Et puis il y avait l'alcool. Un bocal sellé d'alcool à brûler, dont le niveau était soigneusement indiqué de traits gravés dans le verre, et qui ne devait servir que pour les cas d'exception, comme un four particulièrement encrassé ou l'entretien du lustre en cristal… L'alcool était ce qui avait le plus de valeur. Il fallait profiter de l'occasion pour en voler. Il était facile d'en prendre une petite quantité et de compléter le niveau avec de l'eau. Avec l'équivalent d'une fiole d'alcool à brûler, Drago pourrait demander aux détenus des cuisines de jouer les pigeons voyageurs pendant plusieurs mois… Peu probable, en revanche, que son père approuve le troc d'une ressource si précieuse contre une simple promesse de transmettre des messages… Peu probable, également, qu'aucune des détenues femmes l'ayant précédé n'ait pas déjà tenté ce vol alléchant… Là encore, ça sentait le piège. Le bocal contenait probablement un sortilège de cafardage pour prévenir Mullan qu'il avait été ouvert.
Un bruit étouffé commença à se faire entendre. Drago, qui connaissait maintenant les lieux, devina qu'on préparait le repas du soir dans les cuisines.
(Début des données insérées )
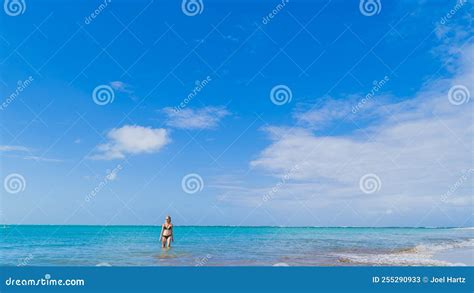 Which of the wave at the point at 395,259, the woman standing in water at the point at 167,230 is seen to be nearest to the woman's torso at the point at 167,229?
the woman standing in water at the point at 167,230

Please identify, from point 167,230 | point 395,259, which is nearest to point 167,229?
point 167,230

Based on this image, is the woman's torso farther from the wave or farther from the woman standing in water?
the wave

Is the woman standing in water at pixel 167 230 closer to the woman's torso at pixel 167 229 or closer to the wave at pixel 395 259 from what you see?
the woman's torso at pixel 167 229

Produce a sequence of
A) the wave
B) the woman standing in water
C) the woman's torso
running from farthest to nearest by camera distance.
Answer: the woman's torso
the woman standing in water
the wave

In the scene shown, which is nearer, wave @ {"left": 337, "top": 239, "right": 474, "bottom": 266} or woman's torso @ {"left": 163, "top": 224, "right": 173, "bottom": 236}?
wave @ {"left": 337, "top": 239, "right": 474, "bottom": 266}

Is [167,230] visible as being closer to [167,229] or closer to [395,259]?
[167,229]

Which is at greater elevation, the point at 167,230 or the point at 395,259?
the point at 167,230

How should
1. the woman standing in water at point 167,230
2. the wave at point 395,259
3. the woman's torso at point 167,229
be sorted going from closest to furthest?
1. the wave at point 395,259
2. the woman standing in water at point 167,230
3. the woman's torso at point 167,229

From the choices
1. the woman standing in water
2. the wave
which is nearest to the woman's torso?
the woman standing in water

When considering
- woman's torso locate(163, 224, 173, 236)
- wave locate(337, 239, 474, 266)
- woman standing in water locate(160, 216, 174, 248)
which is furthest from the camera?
woman's torso locate(163, 224, 173, 236) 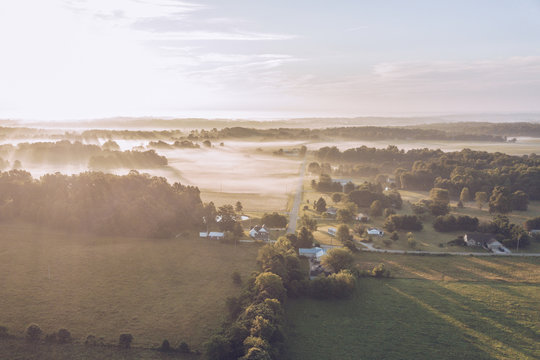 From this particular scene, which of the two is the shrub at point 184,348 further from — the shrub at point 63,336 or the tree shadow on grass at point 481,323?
the tree shadow on grass at point 481,323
Il compta soigneusement les secondes et les minutes avant l'apparition de la file de chariots enchantés (56 minutes), puis le nombre de chariots à passer devant sa cellule (33 chariots parfaitement identiques), combien de temps ils mettaient avant de repartir dans l'autre sens (2 heures et 8 minutes – Drago crut mourir d'ennui), et enfin, combien de temps avant l'extinction des feux (33 minutes).
Les informations manquaient cruellement d'intérêt. Seul le nombre de chariots offrait une vague confirmation du nombre de gardiens. Mais Drago fut satisfait de la façon dont il avait passé son après-midi. Il se leva, se lava les dents avec le doigt, puis se déshabilla et se coucha.
Harry Potter se tournait et se retournait dans son lit, ne trouvait pas de position confortable pour s'endormir. Il était en outre incommodé par une érection embarrassante qu'il avait bien du mal à soulager.
Il pensait sans arrêt à Malfoy.
Ou plutôt, il ne cessait de penser au travail, aux comptes-rendus, aux rapports, aux études, aux réunions, que pour penser à Malfoy. Et aucune de ces cogitations n'était agréable.
Il s'en voulait d'avoir accepté, sur un coup de tête, de prendre la responsabilité de la gestion de la prison. Cela faisait des semaines qu'il se chamaillait avec Shacklebolt concernant les Détraqueurs. Harry voulait les voir disparaître. Le ministre soutenait qu'on ne pouvait que les chasser et les éloigner, mais que les Relations Internationales Sorcières s'en trouveraient détériorées. Toute une commission d'experts tenait à les voir reprendre leur place à Azkaban. Shacklebolt faisait confiance aux experts…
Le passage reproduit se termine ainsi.